Tip: After implementing dynamic context assembly, monitor which dynamic blocks are actually triggered over your first week of production traffic. If a block triggers on <3% of PRs, consider whether it is better served as on-demand context (the model fetches it via a tool when it encounters migration-specific code) rather than a dynamically injected block.


Phase 5: Measuring the Full Optimization Impact

Run the full measurement protocol to document the results:

import tiktoken

enc = tiktoken.get_encoding("cl100k_base")

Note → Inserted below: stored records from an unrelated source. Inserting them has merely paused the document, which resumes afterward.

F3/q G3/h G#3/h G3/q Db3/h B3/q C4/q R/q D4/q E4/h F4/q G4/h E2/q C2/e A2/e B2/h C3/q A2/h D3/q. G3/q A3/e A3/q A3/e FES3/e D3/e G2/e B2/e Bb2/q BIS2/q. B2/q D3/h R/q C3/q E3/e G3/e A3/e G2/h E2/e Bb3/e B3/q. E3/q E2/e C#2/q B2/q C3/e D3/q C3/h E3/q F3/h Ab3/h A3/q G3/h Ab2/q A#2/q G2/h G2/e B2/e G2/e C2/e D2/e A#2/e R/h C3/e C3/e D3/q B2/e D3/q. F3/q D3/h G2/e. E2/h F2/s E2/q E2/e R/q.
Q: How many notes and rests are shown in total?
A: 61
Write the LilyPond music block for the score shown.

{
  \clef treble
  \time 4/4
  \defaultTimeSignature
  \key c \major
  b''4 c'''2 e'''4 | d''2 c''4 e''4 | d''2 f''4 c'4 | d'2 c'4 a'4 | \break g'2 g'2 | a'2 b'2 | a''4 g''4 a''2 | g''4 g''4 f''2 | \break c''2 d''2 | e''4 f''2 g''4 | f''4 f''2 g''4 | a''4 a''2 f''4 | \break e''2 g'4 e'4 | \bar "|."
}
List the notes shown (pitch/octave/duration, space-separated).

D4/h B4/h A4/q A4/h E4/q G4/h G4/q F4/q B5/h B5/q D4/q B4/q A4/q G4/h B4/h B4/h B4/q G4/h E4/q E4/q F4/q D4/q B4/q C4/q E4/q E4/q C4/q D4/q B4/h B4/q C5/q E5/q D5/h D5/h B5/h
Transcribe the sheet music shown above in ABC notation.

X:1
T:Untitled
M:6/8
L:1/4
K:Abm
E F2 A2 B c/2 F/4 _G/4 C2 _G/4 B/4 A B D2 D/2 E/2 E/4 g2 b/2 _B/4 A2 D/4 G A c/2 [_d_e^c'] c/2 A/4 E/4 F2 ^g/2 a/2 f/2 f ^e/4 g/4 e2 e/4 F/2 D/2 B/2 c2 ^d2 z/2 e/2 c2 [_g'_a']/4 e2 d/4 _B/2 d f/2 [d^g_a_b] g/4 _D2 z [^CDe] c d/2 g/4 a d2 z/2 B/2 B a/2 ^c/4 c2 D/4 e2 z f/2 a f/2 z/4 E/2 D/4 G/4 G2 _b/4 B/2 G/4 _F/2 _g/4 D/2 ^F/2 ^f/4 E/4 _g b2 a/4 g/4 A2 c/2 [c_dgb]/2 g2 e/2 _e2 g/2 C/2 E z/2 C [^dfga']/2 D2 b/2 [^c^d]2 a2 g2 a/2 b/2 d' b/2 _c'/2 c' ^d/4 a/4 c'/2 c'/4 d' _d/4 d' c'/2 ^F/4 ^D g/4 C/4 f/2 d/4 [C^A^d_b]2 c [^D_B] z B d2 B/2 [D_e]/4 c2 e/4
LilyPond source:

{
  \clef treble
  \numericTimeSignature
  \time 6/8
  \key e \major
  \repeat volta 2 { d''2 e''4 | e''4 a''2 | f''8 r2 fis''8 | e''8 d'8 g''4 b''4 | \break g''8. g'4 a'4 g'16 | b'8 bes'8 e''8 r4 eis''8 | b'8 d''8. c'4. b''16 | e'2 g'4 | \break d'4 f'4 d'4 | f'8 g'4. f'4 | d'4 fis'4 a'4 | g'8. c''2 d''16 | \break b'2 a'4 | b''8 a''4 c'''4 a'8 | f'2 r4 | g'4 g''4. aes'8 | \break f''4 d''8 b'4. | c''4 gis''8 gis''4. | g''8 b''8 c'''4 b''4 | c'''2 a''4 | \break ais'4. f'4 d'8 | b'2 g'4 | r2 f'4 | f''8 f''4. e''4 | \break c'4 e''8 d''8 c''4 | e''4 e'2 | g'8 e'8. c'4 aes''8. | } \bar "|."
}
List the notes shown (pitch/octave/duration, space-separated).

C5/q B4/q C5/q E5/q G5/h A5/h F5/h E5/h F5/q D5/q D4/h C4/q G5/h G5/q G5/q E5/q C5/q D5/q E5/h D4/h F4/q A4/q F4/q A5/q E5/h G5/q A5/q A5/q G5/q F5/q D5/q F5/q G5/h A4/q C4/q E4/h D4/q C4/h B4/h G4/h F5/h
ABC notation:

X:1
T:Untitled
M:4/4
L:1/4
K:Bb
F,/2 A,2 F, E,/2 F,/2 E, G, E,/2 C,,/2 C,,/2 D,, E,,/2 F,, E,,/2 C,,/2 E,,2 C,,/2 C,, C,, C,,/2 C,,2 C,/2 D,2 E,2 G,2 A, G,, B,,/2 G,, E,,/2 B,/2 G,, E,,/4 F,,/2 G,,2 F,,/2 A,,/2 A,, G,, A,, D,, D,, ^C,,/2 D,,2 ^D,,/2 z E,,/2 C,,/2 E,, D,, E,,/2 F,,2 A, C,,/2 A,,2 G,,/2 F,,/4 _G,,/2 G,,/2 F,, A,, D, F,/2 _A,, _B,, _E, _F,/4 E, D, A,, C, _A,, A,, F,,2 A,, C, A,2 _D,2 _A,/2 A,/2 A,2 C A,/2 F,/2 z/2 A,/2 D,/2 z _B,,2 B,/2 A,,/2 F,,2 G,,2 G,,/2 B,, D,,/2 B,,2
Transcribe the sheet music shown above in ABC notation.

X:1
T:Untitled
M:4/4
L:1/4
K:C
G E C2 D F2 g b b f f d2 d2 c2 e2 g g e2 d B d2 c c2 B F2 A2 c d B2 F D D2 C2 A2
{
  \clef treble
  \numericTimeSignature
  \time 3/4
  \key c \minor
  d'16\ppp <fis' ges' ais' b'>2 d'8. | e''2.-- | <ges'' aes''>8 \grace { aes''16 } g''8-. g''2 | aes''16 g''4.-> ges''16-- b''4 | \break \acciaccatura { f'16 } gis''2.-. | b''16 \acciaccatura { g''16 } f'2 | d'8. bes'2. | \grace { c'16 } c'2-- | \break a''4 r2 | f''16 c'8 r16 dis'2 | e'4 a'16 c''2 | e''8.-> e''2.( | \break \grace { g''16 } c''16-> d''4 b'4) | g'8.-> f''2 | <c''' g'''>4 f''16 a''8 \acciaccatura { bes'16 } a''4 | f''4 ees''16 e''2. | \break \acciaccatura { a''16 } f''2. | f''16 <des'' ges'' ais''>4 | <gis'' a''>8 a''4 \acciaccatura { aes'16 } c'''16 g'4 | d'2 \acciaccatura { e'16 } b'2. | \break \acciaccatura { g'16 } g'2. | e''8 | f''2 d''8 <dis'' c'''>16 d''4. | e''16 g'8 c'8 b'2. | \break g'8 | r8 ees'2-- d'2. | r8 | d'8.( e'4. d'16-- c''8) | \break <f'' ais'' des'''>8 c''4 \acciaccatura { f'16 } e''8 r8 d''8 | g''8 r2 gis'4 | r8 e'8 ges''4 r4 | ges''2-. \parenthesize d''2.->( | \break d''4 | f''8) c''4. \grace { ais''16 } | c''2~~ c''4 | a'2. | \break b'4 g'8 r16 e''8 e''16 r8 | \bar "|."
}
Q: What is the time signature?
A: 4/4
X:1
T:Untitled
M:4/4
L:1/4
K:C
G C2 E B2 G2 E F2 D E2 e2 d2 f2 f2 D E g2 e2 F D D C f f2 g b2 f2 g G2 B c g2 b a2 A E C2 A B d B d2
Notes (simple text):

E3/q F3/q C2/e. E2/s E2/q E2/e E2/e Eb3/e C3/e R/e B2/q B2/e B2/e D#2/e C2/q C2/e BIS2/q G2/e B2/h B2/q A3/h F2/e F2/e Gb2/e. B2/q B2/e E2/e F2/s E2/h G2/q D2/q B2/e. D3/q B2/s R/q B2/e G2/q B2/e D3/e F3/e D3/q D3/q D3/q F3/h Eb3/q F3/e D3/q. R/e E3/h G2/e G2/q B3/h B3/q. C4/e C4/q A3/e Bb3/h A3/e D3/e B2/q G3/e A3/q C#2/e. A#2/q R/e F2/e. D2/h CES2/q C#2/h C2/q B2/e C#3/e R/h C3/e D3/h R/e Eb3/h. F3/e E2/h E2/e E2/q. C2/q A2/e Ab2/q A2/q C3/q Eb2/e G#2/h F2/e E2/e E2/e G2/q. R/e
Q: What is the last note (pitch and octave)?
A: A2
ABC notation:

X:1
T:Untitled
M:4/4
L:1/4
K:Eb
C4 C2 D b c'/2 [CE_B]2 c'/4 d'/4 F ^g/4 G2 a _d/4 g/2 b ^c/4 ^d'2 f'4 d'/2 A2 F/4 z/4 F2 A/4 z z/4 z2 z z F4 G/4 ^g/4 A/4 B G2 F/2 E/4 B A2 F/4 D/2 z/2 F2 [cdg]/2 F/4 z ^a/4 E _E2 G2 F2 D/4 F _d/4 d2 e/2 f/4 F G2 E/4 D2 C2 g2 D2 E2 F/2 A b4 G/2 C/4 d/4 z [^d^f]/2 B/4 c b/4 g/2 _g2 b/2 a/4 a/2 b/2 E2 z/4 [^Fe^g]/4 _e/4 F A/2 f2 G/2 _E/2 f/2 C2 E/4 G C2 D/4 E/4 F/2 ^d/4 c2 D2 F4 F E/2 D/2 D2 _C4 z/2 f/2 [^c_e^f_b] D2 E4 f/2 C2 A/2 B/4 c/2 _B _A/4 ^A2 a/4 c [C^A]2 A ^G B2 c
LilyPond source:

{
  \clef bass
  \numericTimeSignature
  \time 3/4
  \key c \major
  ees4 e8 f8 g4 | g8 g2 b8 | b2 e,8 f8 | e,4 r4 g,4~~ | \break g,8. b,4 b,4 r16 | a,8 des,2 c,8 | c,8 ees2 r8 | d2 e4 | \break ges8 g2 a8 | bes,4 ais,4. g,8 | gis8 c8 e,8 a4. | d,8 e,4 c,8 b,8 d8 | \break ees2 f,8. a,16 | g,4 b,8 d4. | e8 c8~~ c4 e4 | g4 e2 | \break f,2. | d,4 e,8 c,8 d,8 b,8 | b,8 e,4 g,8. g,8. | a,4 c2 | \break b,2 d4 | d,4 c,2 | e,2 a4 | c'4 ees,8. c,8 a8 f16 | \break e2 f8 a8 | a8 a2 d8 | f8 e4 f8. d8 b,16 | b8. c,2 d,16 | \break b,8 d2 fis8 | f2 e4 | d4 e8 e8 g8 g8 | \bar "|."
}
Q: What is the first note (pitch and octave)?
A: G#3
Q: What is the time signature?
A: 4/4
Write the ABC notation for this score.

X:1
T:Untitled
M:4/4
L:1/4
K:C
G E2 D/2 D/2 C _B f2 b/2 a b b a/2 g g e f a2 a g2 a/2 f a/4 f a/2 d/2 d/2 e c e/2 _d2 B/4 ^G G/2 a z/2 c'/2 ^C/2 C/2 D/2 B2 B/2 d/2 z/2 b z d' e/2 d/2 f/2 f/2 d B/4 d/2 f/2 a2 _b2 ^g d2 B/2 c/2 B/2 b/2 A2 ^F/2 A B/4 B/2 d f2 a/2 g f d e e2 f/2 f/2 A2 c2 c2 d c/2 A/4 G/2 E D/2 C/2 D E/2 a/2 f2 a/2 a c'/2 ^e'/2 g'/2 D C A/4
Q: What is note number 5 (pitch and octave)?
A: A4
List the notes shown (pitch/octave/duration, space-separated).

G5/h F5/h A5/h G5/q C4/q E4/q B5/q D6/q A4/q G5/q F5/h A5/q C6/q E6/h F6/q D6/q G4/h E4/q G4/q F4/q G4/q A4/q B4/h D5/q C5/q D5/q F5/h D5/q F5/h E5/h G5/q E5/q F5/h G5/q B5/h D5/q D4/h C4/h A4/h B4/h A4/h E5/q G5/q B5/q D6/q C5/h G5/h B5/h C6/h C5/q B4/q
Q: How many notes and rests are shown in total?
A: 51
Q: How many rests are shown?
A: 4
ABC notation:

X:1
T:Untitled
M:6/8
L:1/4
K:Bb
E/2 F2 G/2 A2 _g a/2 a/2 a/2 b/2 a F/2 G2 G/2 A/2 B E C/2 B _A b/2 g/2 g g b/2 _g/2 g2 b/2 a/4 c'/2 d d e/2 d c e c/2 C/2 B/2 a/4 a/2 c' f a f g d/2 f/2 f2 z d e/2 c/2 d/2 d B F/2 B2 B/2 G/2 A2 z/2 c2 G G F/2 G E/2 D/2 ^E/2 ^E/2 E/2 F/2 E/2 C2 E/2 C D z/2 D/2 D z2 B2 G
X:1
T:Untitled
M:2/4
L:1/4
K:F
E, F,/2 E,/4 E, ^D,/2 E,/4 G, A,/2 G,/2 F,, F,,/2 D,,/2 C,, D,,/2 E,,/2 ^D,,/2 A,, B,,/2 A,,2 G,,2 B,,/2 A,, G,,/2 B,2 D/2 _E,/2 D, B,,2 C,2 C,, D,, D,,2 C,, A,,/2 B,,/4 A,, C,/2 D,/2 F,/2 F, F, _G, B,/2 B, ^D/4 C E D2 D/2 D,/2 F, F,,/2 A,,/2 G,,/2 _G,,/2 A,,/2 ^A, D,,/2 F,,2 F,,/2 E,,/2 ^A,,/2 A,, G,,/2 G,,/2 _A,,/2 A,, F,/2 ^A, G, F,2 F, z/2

def calculate_session_cost(system_tokens, avg_persistent_tokens, avg_ephemeral_tokens, 
                           avg_output_tokens, num_calls):
    per_call = system_tokens + avg_persistent_tokens + avg_ephemeral_tokens + avg_output_tokens
    return per_call * num_calls

original_system = 847  # tokens

optimized_system = 248  # tokens
dynamic_addition_avg = 30  # 0 on 70% of calls, ~100 on 30% → avg 30
effective_system = optimized_system + dynamic_addition_avg  # = 278 tokens

baseline_input = calculate_session_cost(847, 200, 1500, 600, 1000)
optimized_input = calculate_session_cost(278, 200, 1500, 600, 1000)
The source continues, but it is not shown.